→ About this exercise
Starting at the line that contains "on grey background" and stopping at the line that contains "Delicious red cocktail", transcribe every line of the material below exactly; pictures stay out.

→ Dataset excerpts
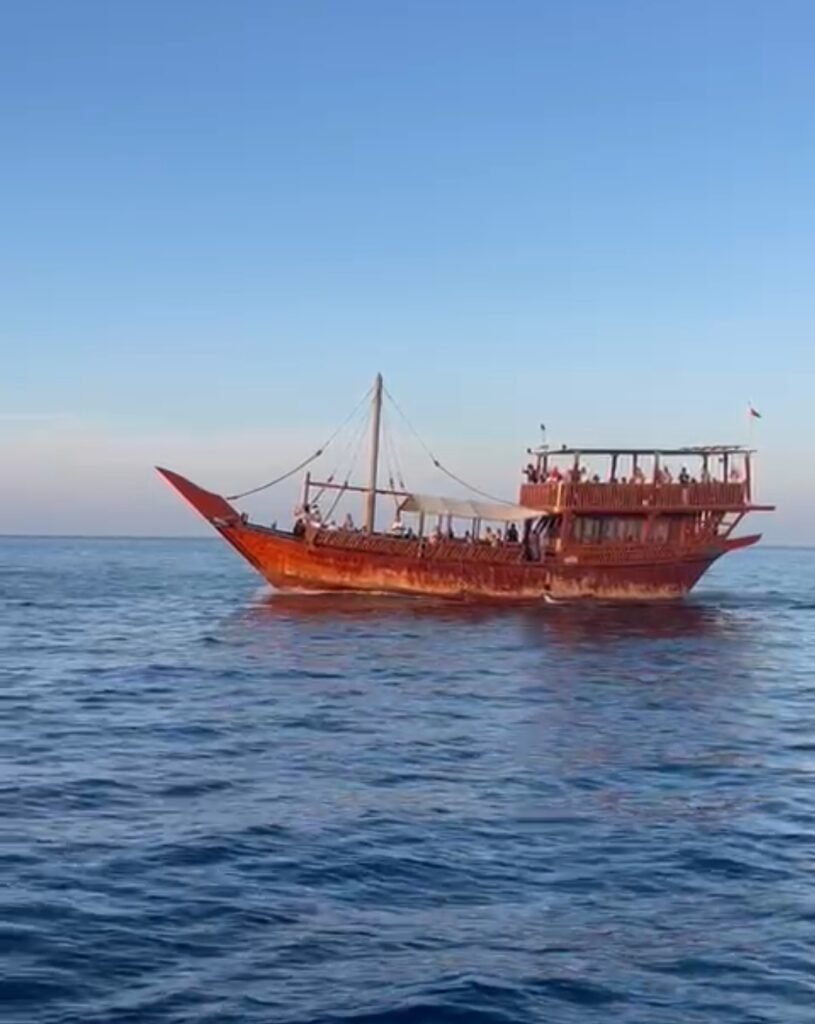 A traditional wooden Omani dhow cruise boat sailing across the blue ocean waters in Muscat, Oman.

---

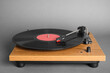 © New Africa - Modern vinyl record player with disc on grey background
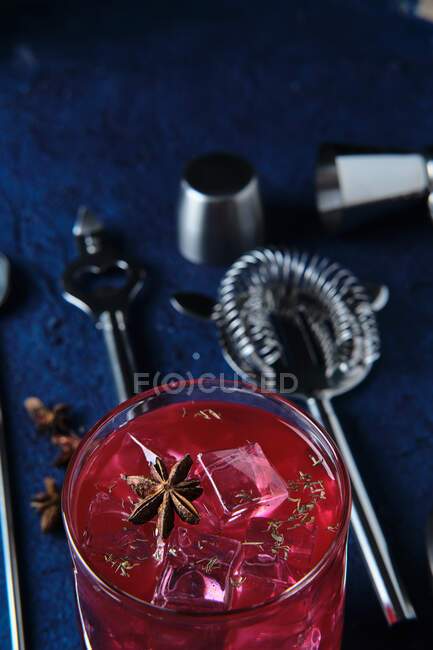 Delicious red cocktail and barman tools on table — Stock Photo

→ Exercise output
 © New Africa - Modern vinyl record player with disc on grey background
 Delicious red cocktail and barman tools on table — Stock Photo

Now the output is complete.